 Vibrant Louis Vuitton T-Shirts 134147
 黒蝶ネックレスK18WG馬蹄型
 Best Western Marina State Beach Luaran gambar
==
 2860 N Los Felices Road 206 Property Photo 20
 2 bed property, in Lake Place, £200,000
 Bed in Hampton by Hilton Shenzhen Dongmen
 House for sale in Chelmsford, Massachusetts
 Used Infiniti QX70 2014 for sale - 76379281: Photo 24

- **Directions for this task**
All lines in the data above from the one with "Vibrant Louis Vuitton T-Shirts 134147" through the one with "Best Western Marina" must be repeated exactly, and no others.

- **Task result**
 Vibrant Louis Vuitton T-Shirts 134147
 黒蝶ネックレスK18WG馬蹄型
 Best Western Marina State Beach Luaran gambar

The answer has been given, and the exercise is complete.